What did you even date her?
because emotionally unstable girls are great in bed.
morning after pill = breakfast in bed
When the officer tried to stop you, you just shouted your name in his face. repeatedly.
Getting wasted on top of a casino. My penis is so much higher than everyone else's right now.
Just saw two dudes run across the street carrying a mini keg and a scaled model of the empire state building. Missed this town
I just set the shake weight record at the bar. 20 mins of that crap and drinking beer through a straw will get the job done. I also bet the bartender 100 bucks I could go shot for shot with him. The date for that event is TBA.
Can we have a celebratory fuck now that the lockout is over?
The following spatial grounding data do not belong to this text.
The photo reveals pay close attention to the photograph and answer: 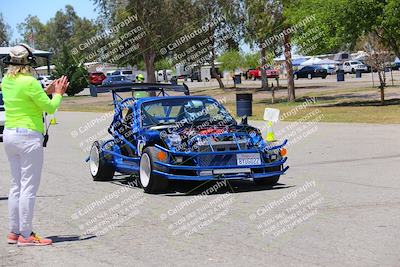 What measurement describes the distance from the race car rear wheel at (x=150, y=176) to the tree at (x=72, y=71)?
5698 centimetres

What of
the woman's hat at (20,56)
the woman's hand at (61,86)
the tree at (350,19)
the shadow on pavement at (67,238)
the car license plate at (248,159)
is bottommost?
the shadow on pavement at (67,238)

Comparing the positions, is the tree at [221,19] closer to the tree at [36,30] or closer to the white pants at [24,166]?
the white pants at [24,166]

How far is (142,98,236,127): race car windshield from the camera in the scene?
1170 centimetres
You're the best girlfriend ever.
The rest of us are chipping in to soundproof your bedroom. This is getting ridiculous.
The last thing I remember is your grandma calling me a pussy and taking my shot for me. Your family is awesome.
He told me that if I were a guy he'd go gay for me. Honestly don't know how to take that.
How was the birthday sex?
Shit got outta hand. Honestly I think even my STDs have STDs.
Well get back to your date and give him the ceremonial 1am handy and text me when your done.
We work out, have really intense sex, and then eat cereal marketed for children. We have a system, okay?
He was pretty bad, I wanted pizza the whole time.
I should've negotiated that before I sat on his face.